The Tumut Blues saved their best for when it mattered most, slaying perennial Group 9 powerhouse South City 28-4 in a sublime grand final display at McDonald’s Park.
Jubilant players were mobbed by euphoric fans after the siren sounded as the tight-knit club celebrated the end of nine long and often lean years since their previous triumph.
Stung by a try to brilliant Bulls five-eighth Nathan Rose in the 15th minute, the Blues soon grabbed the upper hand on the back of a powerhouse performance from their vaunted forward pack.
Man of the match Lachlan Bristow got the ball rolling with a slashing solo try midway through the first half and he doubled up five minutes later, this time with a show of strength from close range as Tumut took a handy 12-4 lead into the break.
The Blues pack then turned up the heat in the second half to leave Southcity stranded.
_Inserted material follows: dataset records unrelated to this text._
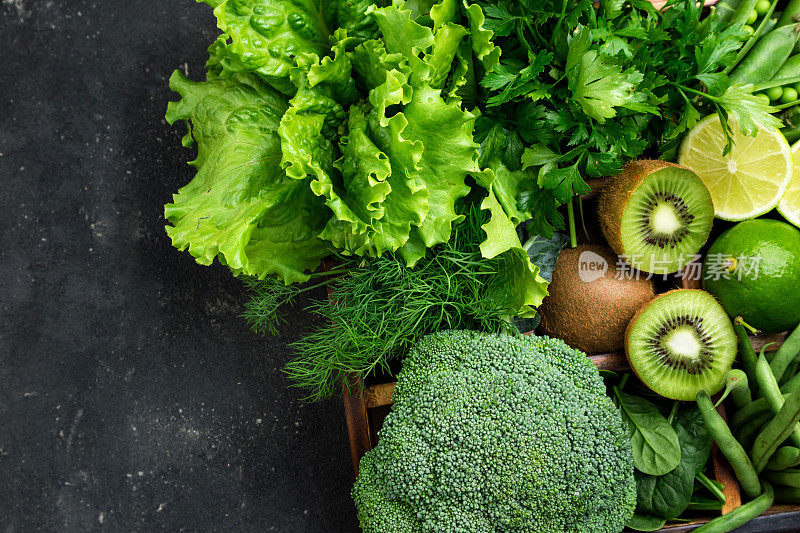 绿色蔬菜。椰菜，菠菜，猕猴桃，生菜，欧芹，莳萝，芦笋豆放在深色的混凝土桌上。素食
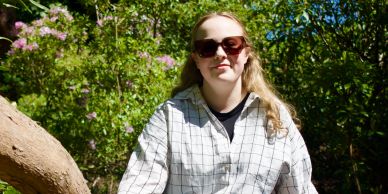 Young woman wearing sunglasses outdoors in a leafy setting.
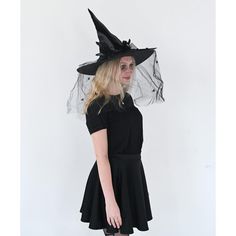 Skeleteen Classic Witch Headpiece is the ideal headwear for any woman dressing up as a cute witch Halloween. This beautiful witch hat can be worn for many style witches, a wicked one, a vintage one, a Victorian one, a creepy one, or a classy one. This hat is made of fancy black fabric, Satin-Feel and has cool decorations on the side that include a black bow with beads, a black veil with spiders hanging down, and some black feather accents. This big felt hat is made to fit most women's heads. Ske Black Witchy Wide Brim Costume Accessories, Goblincore Costume Accessories For Halloween Cosplay, Spooky Black Costume Hats And Headpieces For Halloween, Black Wide Brim Costume Hat For Cosplay, Wide Brim Costume Accessories For Halloween Party, Witchy Wide Brim Costume Hat For Party, Wide Brim Hats For Halloween Costume Party, Black Adjustable Witchy Costume Accessories, Adjustable Black Witchy Costume Accessories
Barnstorming prop Zach Masters bullocked his way across five minutes into the half to extend the lead, before Ben Roddy kept up his tryscoring exploits for a 22-4 advantage at the 50 minute mark.
With the Blues forwards at times making upwards of 70m in a set of six, it was no surprise to see Lachlan Bristow nab his third and at 28-4 the result was all but beyond doubt, with 25 minutes still to play.
Southcity had little fight left as Tumut took its foot off the pedal, able to soak up the significance of their achievement whilst still on the field.
Co-captain-coach Dean Bristow said the game could not have played out any better for his team.
“We’ve been building nicely over the finals series and to put it all together on the big day means the world,” Bristow said.
“We’ve probably played our best game of footy in I don’t know how long. It’s just unbelievable.”
A local junior whose family involvement in the club goes back generations, Bristow is proud to have played a part in getting Tumut back to the top.
“It’s honestly the best feeling in the world.” he said. “All I wanted to do growing up is to play first grade for Tumut and to co-coach a premiership team is beyond my expectations.”
The elusive fullback had to endure one of the worst seasons the club has ever recorded in 2016, when he moved back to his hometown from the south coast.
He admits the disappointment of that year has been a driving force.
“It honestly broke my heart moving home in 2016 to see the club I once loved in such a sad state of affairs,” he said. “It has been a mission of mine to turn that around.
“I’ve had countless conversations with Adam (Pearce) and that was a driving factor … we wanted to rebuild this club back to where it was. It’s been a lot of work, but we’re finally back at the top.”
The Tumut co-captain-coach said an emphasis on culture was the backbone of the club’s resurgence.
“What I grew up loving about the club was players ripping in for the jumper and your mate,” he said.
“We have a great group of local players, and those not from here have bought into that culture. The end result is today … we’ve held a team that’s dominated this competition for a number of years to just four points, and run away with the grand final.”